> Exercise prompt:
Among the lines of data below, reproduce only those from the one with "Snapshot of kristy_fran" through the one with "Springs, FL 33065", exactly as they stand, both ends included.

Records contained in a dataset
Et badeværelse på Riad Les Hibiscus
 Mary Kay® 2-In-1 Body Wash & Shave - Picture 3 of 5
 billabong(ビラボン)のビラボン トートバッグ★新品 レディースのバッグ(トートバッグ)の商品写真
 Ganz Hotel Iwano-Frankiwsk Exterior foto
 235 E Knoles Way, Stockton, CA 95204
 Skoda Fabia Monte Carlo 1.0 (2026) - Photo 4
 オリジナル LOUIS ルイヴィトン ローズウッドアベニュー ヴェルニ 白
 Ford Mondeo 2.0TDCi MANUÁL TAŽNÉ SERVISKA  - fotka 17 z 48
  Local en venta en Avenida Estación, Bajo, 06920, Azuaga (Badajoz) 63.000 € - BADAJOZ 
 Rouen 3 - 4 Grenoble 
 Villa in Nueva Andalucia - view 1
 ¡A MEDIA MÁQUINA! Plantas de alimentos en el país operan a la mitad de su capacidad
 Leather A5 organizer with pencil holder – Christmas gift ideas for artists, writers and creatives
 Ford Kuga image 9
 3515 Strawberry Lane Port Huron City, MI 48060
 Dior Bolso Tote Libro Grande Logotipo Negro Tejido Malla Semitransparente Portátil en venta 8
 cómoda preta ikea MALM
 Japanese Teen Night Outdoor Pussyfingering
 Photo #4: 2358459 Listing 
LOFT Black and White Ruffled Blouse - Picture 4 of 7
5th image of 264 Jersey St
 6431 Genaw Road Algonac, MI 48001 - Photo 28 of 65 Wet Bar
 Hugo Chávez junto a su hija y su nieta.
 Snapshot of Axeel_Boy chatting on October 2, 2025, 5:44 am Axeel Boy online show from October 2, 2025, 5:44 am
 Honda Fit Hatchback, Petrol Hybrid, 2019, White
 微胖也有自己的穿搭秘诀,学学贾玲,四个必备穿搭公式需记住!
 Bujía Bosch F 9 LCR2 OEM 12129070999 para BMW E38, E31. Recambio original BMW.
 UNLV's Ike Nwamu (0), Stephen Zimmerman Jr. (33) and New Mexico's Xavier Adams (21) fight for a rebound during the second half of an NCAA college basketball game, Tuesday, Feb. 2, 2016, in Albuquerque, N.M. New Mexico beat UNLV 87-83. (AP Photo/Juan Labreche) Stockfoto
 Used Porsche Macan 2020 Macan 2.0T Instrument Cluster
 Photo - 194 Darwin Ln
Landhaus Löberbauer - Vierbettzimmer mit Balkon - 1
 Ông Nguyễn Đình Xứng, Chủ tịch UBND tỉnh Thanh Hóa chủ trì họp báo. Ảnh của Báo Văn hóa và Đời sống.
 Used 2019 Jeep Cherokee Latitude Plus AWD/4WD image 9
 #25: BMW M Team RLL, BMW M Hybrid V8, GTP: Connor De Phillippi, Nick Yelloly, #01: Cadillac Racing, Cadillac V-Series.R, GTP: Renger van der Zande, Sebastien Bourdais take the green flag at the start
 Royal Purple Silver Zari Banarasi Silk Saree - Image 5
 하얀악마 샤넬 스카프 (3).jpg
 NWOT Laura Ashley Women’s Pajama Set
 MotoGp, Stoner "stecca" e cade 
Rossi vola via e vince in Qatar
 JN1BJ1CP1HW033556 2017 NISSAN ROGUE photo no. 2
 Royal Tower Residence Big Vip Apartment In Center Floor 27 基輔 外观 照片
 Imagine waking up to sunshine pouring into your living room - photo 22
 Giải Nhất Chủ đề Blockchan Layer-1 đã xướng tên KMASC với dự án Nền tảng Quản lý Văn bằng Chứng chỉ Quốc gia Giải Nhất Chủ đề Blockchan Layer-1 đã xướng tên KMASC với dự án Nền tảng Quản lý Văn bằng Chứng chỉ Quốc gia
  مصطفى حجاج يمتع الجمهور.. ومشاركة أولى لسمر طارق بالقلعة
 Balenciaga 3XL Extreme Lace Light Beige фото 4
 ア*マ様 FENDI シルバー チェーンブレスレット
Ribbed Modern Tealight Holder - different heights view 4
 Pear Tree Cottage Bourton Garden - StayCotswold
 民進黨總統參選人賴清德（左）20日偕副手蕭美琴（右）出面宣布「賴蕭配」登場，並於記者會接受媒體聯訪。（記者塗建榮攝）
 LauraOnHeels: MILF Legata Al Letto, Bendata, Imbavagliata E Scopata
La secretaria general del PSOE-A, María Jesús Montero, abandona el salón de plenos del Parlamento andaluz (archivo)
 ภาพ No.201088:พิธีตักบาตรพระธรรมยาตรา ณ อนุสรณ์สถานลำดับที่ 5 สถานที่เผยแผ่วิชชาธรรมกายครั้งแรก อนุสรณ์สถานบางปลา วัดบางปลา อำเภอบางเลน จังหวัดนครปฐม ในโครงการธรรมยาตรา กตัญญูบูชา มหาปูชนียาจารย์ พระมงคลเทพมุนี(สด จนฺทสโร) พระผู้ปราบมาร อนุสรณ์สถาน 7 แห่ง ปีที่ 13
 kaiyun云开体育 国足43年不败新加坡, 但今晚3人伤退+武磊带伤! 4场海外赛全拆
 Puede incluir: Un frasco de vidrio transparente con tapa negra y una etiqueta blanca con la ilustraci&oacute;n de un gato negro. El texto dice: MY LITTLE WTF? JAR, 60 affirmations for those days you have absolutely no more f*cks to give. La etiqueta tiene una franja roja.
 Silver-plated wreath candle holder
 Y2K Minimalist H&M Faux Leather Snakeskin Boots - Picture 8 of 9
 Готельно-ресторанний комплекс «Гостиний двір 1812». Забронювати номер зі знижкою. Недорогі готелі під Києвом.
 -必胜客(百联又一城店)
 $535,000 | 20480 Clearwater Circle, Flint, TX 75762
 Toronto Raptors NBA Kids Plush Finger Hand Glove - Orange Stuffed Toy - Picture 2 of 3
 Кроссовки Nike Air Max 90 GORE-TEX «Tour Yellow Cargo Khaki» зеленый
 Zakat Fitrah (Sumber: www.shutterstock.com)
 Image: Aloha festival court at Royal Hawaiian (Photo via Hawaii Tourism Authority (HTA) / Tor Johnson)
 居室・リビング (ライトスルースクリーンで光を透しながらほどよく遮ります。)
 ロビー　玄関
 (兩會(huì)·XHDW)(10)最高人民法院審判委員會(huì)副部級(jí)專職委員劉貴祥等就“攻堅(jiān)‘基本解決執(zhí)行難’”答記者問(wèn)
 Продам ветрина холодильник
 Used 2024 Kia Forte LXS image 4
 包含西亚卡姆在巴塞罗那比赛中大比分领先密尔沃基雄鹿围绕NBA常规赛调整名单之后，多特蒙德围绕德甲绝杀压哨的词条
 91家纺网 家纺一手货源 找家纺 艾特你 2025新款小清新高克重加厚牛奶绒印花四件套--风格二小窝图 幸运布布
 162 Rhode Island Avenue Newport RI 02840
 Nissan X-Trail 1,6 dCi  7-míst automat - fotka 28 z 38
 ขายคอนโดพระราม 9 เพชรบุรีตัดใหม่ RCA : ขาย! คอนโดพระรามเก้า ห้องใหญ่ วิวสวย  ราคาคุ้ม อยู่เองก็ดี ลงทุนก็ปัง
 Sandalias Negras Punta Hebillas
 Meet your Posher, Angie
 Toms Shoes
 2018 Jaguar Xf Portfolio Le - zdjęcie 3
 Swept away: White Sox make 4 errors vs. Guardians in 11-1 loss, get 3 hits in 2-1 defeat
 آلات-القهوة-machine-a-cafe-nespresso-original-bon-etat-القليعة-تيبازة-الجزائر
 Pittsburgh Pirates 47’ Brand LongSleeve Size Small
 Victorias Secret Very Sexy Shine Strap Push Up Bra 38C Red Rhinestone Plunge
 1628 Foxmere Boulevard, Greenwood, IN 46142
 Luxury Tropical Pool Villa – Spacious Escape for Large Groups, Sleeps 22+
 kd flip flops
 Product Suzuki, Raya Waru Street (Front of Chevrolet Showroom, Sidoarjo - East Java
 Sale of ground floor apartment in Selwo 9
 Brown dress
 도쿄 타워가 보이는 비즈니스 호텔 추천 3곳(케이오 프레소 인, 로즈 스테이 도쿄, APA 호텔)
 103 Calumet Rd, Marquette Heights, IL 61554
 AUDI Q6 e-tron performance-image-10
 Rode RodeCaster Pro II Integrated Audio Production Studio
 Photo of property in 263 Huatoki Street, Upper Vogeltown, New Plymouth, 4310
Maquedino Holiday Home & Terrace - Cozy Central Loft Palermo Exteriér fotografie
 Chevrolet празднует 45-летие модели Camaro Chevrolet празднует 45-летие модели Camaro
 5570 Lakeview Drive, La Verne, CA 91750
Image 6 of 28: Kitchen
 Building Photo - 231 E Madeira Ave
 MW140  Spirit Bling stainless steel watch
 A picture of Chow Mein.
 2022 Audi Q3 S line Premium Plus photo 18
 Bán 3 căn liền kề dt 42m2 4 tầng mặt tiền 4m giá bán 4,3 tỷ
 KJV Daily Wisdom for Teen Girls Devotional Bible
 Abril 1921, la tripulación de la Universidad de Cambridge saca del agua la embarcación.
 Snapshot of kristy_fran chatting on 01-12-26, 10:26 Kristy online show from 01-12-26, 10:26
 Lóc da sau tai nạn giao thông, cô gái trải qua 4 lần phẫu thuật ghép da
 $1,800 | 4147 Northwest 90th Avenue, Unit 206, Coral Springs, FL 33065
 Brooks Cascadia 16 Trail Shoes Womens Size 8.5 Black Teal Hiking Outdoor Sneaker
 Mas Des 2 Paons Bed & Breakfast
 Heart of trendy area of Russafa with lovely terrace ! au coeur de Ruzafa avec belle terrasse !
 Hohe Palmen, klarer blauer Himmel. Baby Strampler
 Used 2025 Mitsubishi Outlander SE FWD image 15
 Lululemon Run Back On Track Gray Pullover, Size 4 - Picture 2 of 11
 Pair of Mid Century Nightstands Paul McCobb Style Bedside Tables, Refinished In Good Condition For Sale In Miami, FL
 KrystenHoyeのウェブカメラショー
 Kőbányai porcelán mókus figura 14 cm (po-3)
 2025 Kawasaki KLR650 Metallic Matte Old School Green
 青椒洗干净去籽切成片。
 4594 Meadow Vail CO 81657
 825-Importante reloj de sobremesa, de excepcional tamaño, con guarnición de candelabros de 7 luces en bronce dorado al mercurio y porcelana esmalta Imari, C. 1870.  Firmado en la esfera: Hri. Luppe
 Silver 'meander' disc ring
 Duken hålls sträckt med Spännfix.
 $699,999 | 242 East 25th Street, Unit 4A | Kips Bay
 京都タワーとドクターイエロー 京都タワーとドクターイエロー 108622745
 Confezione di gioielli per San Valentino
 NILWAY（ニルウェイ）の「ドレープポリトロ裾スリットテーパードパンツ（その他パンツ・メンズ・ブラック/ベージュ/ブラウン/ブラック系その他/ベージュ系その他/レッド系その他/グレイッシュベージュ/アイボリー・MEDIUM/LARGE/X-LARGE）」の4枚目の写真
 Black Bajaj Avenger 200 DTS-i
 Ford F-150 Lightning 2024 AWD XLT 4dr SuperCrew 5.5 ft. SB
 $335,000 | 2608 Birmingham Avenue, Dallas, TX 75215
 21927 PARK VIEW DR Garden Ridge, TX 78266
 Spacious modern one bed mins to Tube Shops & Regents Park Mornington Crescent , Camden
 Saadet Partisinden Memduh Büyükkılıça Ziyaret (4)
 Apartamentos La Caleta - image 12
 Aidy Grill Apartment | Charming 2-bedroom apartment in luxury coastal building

> Answer to this exercise:
 Snapshot of kristy_fran chatting on 01-12-26, 10:26 Kristy online show from 01-12-26, 10:26
 Lóc da sau tai nạn giao thông, cô gái trải qua 4 lần phẫu thuật ghép da
 $1,800 | 4147 Northwest 90th Avenue, Unit 206, Coral Springs, FL 33065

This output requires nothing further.